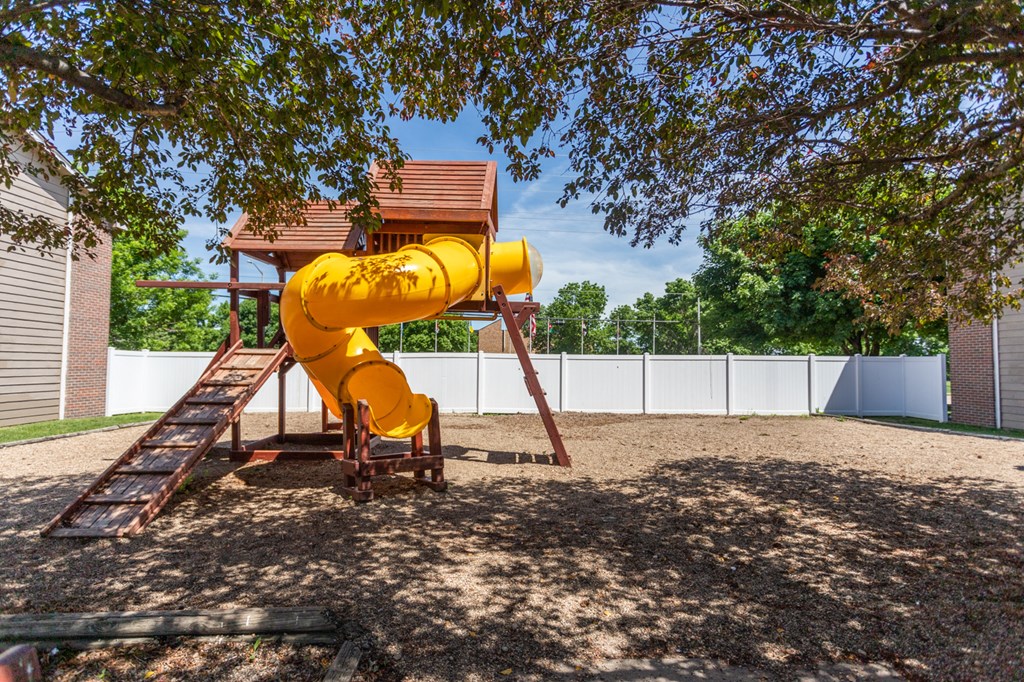 PLAYGROUNDEQUIPMENT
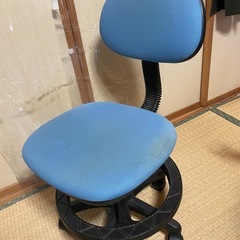 学習机と椅子の画像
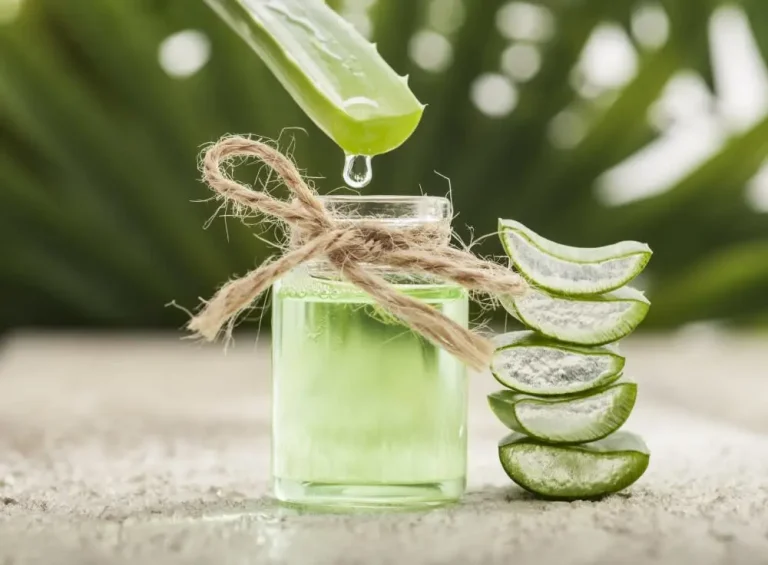Home Remedies for Dandruff: Effective Solutions and Tips to Treat Dandruff Permanently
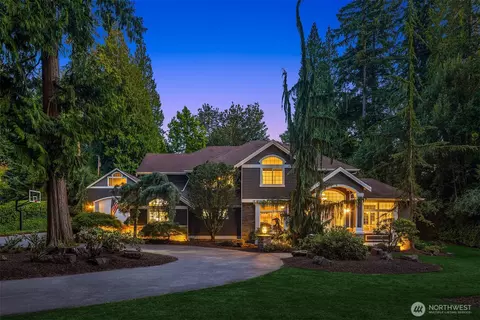 14869 NE 195th St, Woodinville, WA 98072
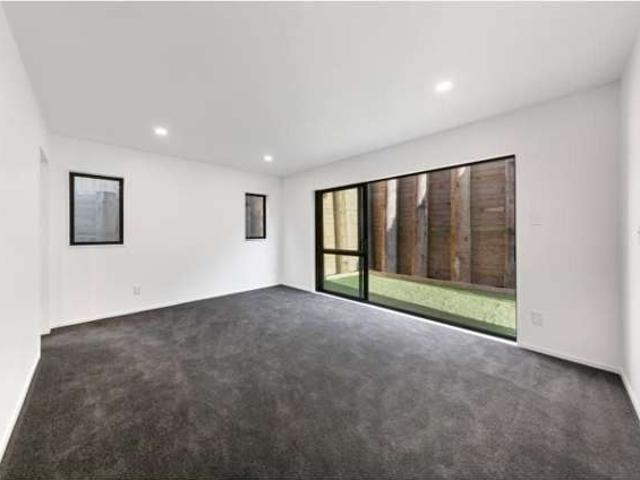 House for rent in Wairau Valley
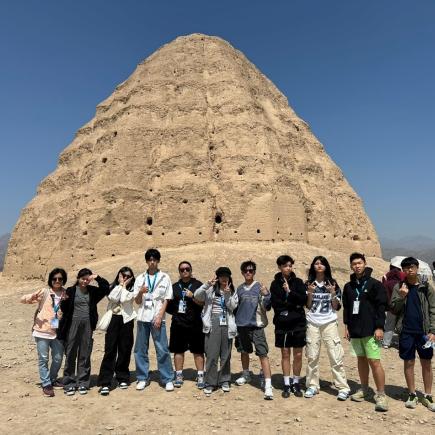 師生於西夏王陵遺址區留影。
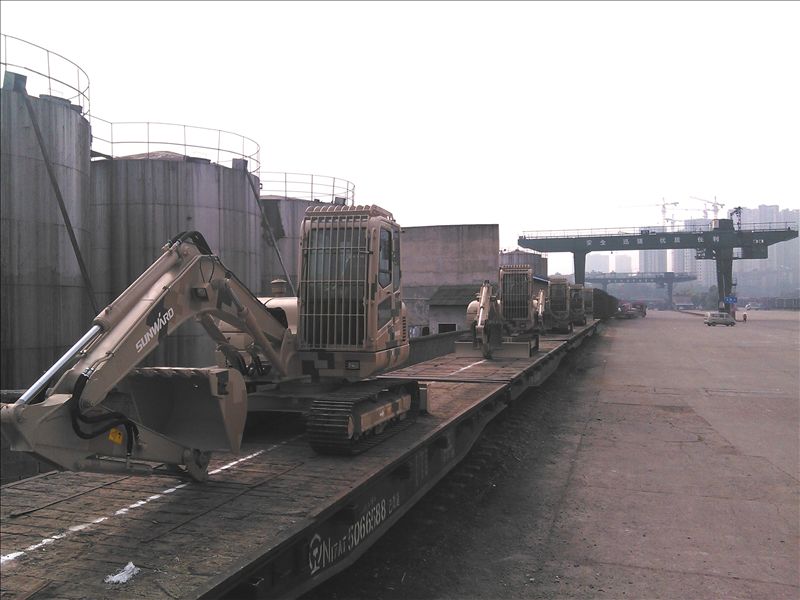 HUAQIU.COM智能SWE80E-G高原型挖掘机正式列装献礼国庆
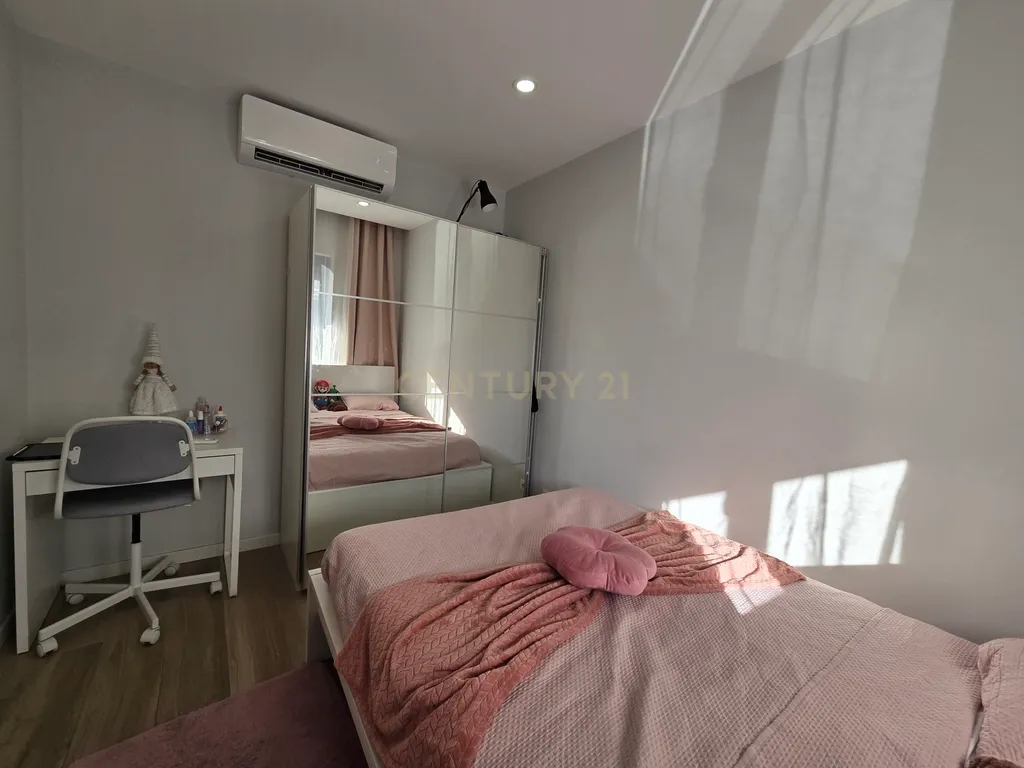 Moradia T3 remodelada – Torre da Marinha, Seixal - Image 13
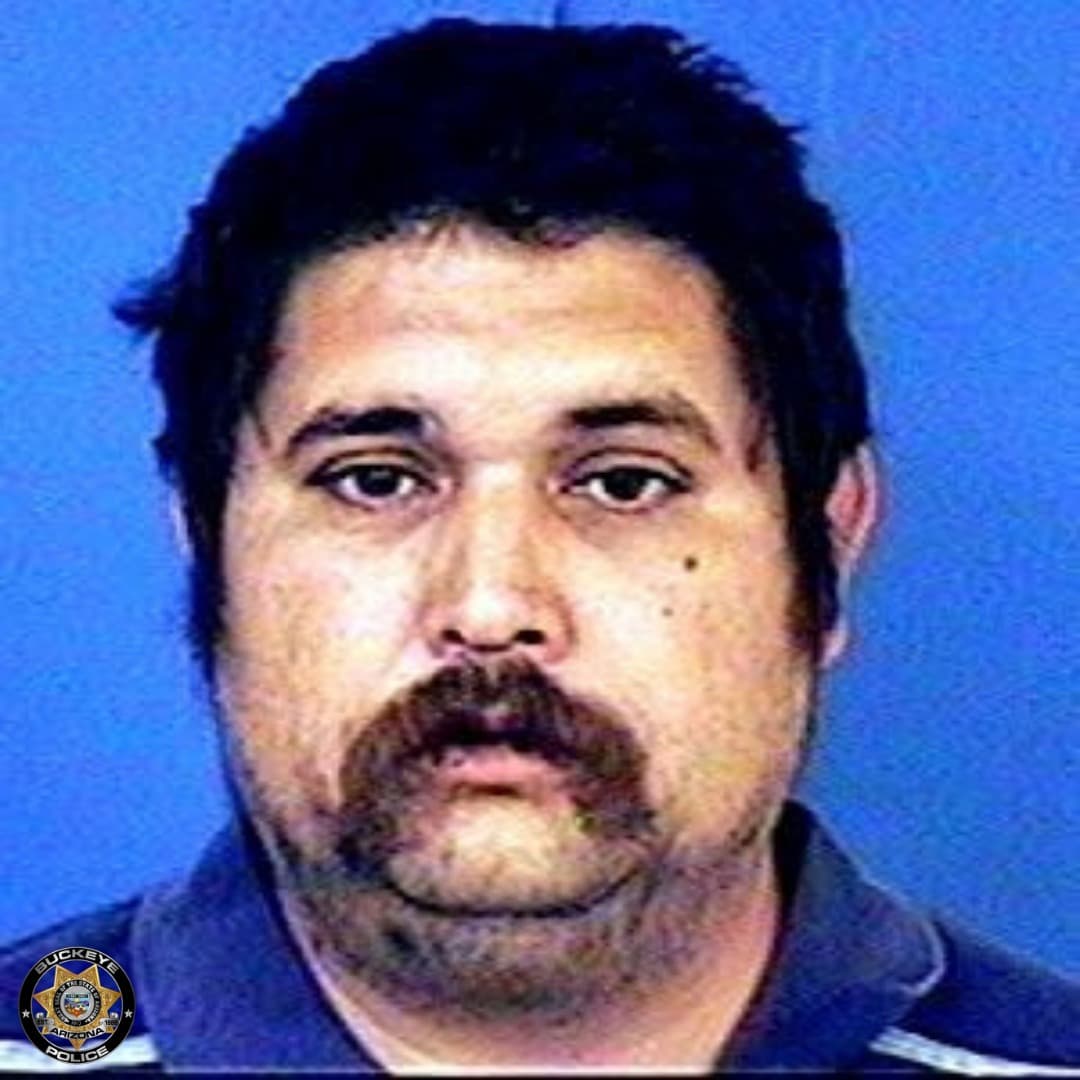 <b>David Sifuentes, 40 años.</b>
<br>
<br>Se le vio por última vez cerca de Thomas Rd. y Cerrado Way. Se agradece compartan datos al 623-349-64-11.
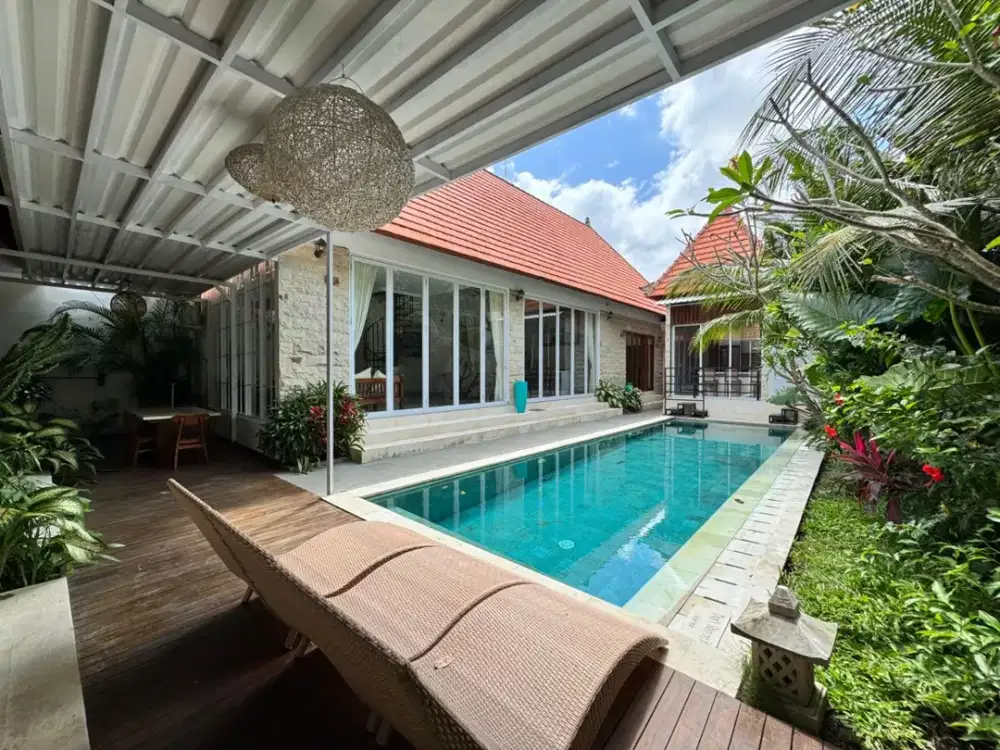 DIJUAL CEPAT VILLA MEWAH DI BUMBAK, UMALAS - BALI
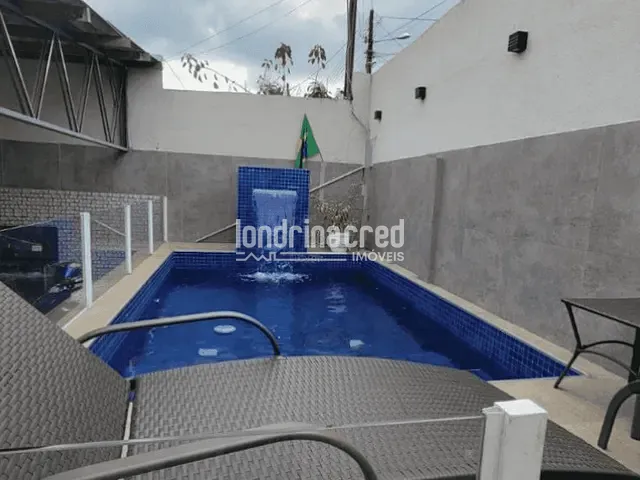 Casa à venda, no bairro Jardim Ana Eliza em Cambé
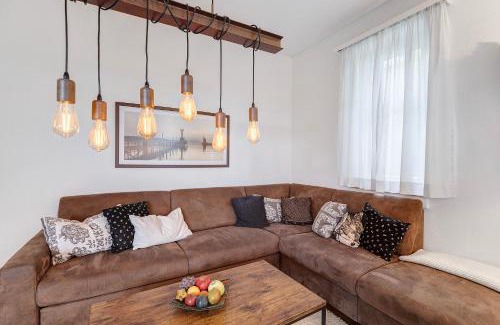 Konstanz Apartment | Rotes Haus über den Weinbergen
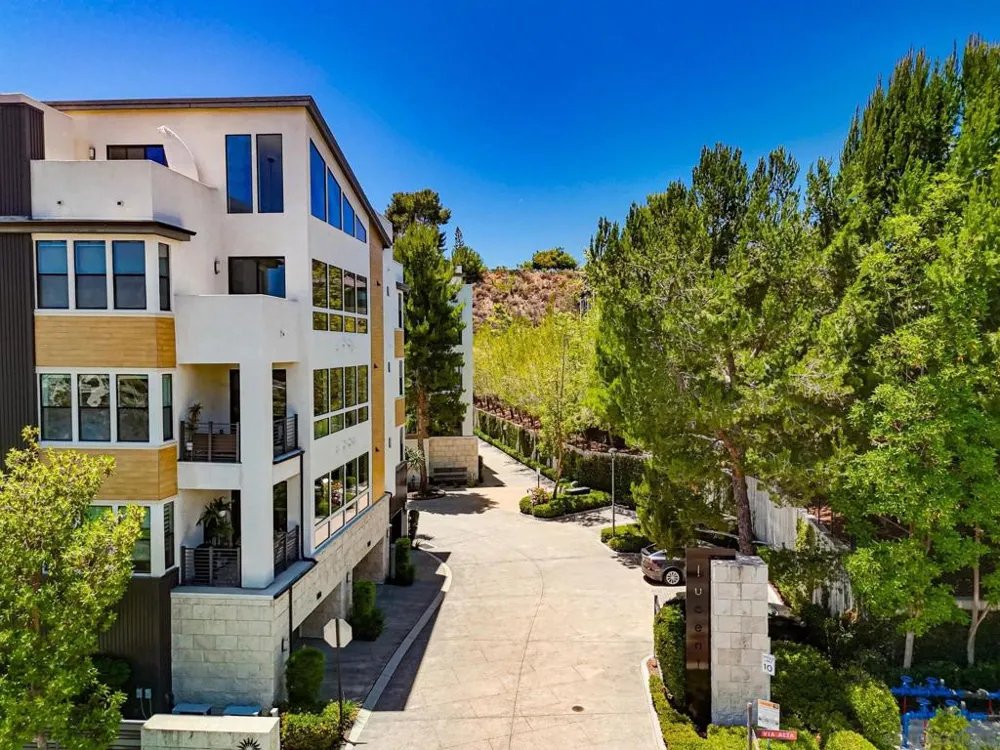 8442 Distinctive Dr. San Diego, CA 92108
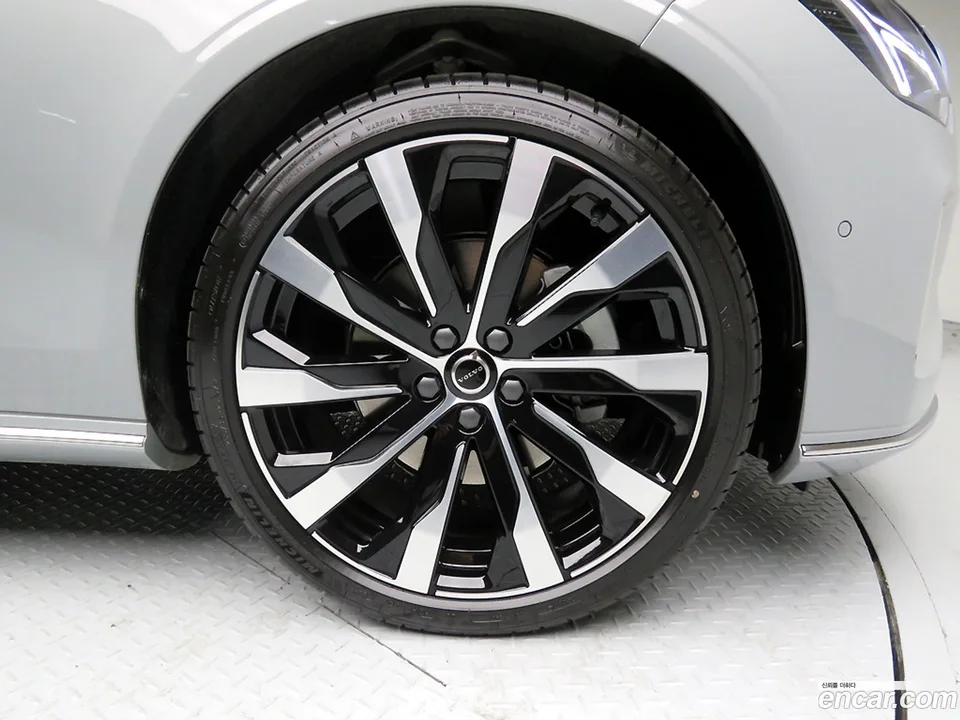 Volvo S90 B5 2026 — миниатюра 2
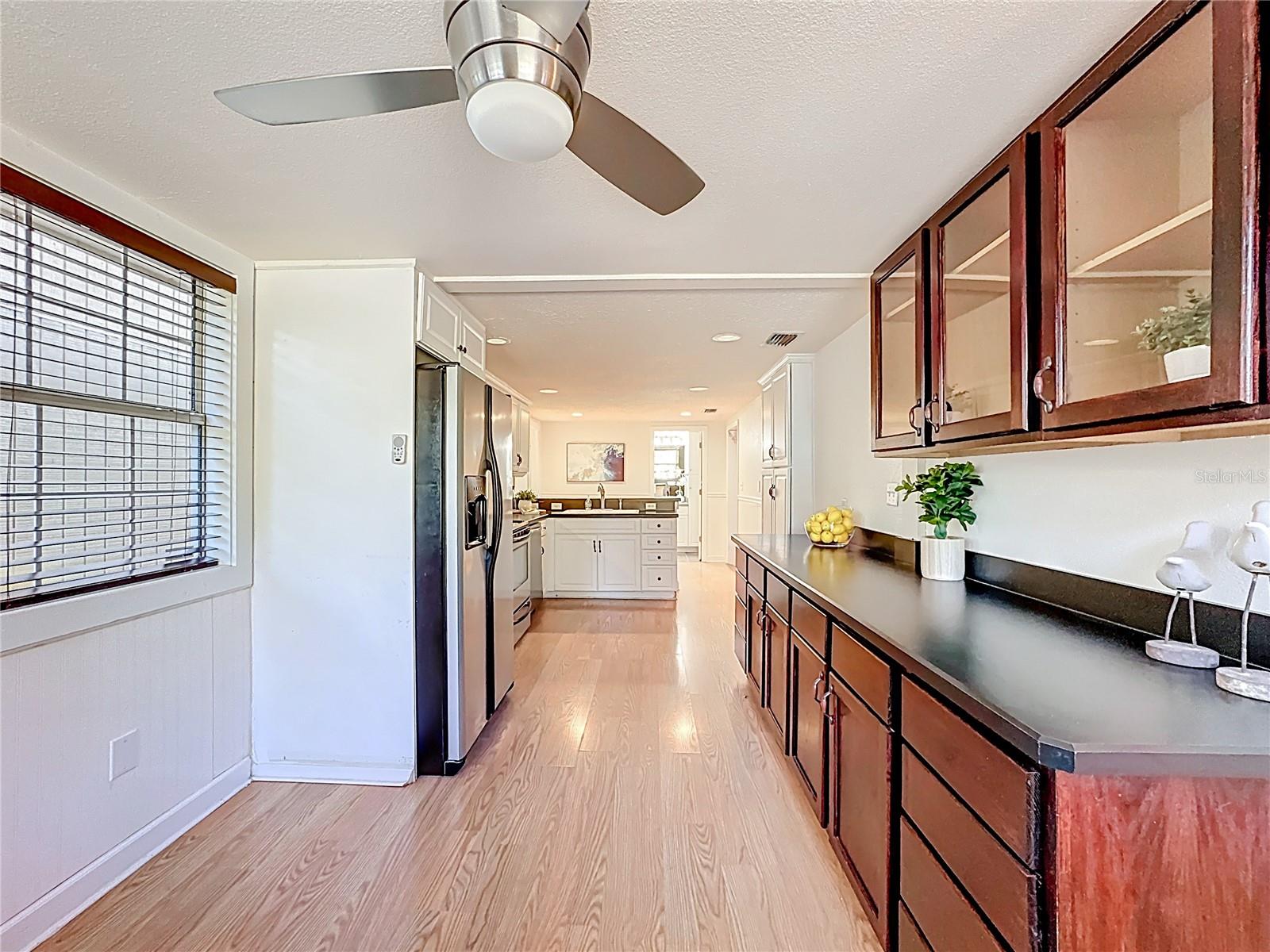 Image 37 of 86 For 1148 Grandview Street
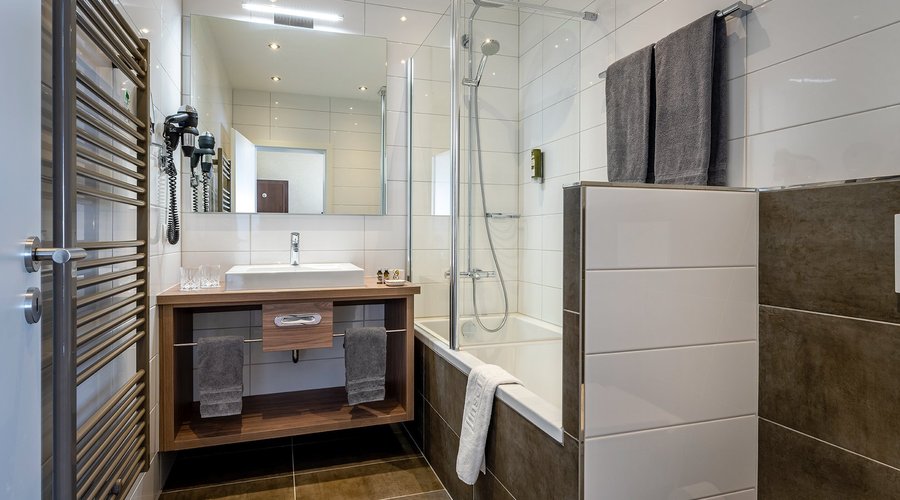 Comfort Double Room Bath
- - - - - - -
Pictures are to be left out; repeat all the remaining data exactly.

Task result ->
 PLAYGROUNDEQUIPMENT
 学習机と椅子の画像
Home Remedies for Dandruff: Effective Solutions and Tips to Treat Dandruff Permanently
 14869 NE 195th St, Woodinville, WA 98072
 House for rent in Wairau Valley
 師生於西夏王陵遺址區留影。
 HUAQIU.COM智能SWE80E-G高原型挖掘机正式列装献礼国庆
 Moradia T3 remodelada – Torre da Marinha, Seixal - Image 13
 <b>David Sifuentes, 40 años.</b>
<br>
<br>Se le vio por última vez cerca de Thomas Rd. y Cerrado Way. Se agradece compartan datos al 623-349-64-11.
 DIJUAL CEPAT VILLA MEWAH DI BUMBAK, UMALAS - BALI
 Casa à venda, no bairro Jardim Ana Eliza em Cambé
 Konstanz Apartment | Rotes Haus über den Weinbergen
 8442 Distinctive Dr. San Diego, CA 92108
 Volvo S90 B5 2026 — миниатюра 2
 Image 37 of 86 For 1148 Grandview Street
 Comfort Double Room Bath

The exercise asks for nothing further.